BlogHow to Buy a Business

    How to Buy a Business in 2026: The Complete Guide

    Buying an existing business gets you revenue, customers, and trained staff on day one. This guide walks the entire business acquisition process: setting your buy box, sourcing deals, reading listings, NDAs, valuation, the LOI, diligence, financing, and closing.

    Buyer's Guide
    2.0x to 3.5x Typical SDE Multiple
    16 min read
    Updated July 2026
    Legend Atty
    Legend Atty · Founder, BridgeBook
    50+ transactions · $100,000,000+ facilitated·Published July 3, 2026

    The 2026 Buyer's Snapshot

    2.0x to 3.5x

    Typical Small Business SDE Multiple

    6-12 mo

    Typical Search to LOI

    60-120 days

    LOI to Close

    10%+

    Typical SBA Down Payment

    Why Buying Beats Starting From Scratch (For Most Operators)

    Cash flow from day one. A startup takes years to reach profitability, if it ever does.
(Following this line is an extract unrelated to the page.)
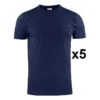 Tee Shirt Manches Courtes Marine Heavy RSX Lot De 5 -Travail Vêtement Magasin tee shirt manches courtes marine heavy rsx lot de 5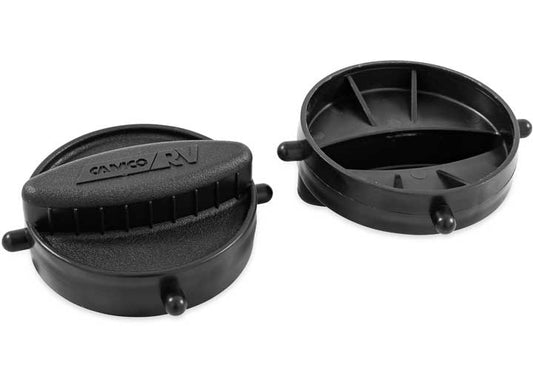 Camco RV SEWER HOSE STORAGE CAPS (2 BAYONET, 2 LUG)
When you buy a small business, you step into earnings that already exist and are already documented.

    Banks will actually lend. Lenders finance history, not ideas. An established business with 3 years of tax returns can support an SBA loan; a pitch deck cannot.

    Customers, staff, and systems come with the deal. The hardest parts of building a business, finding customers and hiring a team that shows up, are already done.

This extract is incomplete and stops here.